Salford Advertiser
- Type: Weekly newspaper
- Format: Tabloid
- Owner(s): Reach plc
- Website: www.salfordadvertiser.co.uk

= Salford Advertiser =

British newspaper founded 1982 (1868 roots)

The Salford Advertiser was a weekly newspaper serving the towns, villages and districts in the City of Salford in Greater Manchester, England. It closed in 2015.

==History==
Founded in 1982 as The Advertiser, the newspaper merged with the Salford City Reporter in 1997, a newspaper that traces its roots back to The Salford Chronicle, founded in 1868. The 1997 merger went through various names, including the first use of The Salford Advertiser in 1999, returning to that name for good in 2010.

For calendar year 2014, The Salford Advertiser had an average weekly circulation of 67,428. It is published on Thursdays. It was published by Manchester Evening News Media Ltd. (MEN Media Ltd.), until MEN Media was purchased by the Trinity Mirror group in 2010.

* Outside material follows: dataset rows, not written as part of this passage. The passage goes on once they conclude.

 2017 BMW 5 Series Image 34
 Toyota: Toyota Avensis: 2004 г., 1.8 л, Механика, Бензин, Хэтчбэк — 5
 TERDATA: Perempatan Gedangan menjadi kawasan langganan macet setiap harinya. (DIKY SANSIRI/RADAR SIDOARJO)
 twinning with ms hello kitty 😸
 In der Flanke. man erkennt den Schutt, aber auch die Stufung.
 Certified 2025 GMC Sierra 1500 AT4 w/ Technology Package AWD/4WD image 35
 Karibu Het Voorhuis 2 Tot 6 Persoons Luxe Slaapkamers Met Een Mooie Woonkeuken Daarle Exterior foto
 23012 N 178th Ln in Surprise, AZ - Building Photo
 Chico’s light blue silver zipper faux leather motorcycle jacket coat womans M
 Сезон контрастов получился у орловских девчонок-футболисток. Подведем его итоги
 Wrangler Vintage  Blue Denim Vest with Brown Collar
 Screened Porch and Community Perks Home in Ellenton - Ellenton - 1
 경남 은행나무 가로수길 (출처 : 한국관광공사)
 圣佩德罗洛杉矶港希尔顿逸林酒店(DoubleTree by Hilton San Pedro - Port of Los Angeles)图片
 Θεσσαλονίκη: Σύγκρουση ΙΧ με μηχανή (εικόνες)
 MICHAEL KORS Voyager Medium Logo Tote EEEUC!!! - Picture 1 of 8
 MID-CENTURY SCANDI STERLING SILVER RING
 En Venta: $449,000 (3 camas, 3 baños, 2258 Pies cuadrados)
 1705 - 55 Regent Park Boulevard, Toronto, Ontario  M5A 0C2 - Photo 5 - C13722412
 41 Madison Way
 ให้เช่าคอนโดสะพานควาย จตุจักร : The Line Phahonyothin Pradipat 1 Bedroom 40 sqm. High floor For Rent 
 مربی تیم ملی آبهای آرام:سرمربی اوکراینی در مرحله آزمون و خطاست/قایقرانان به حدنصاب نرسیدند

The newspaper was closed in 2015 and incorporated into the Manchester Weekly News, which closed in 2022.

== Circulation ==
The paper served Barton upon Irwell, Boothstown, Broughton, Broughton Park, Cadishead, Charlestown, Clifton, Eccles, Ellenbrook, Ellesmere Park, Hazelhurst, Higher Broughton, High Town, Irlam, Irlams o' th' Height, Langworthy, Little Hulton, Lower Broughton, Lower Kersal, Monton, Ordsall, Patricroft, Peel Green, Pendlebury, Pendleton, Salford, Salford Quays, Seedley, Swinton, Walkden, Weaste, Winton and Worsley.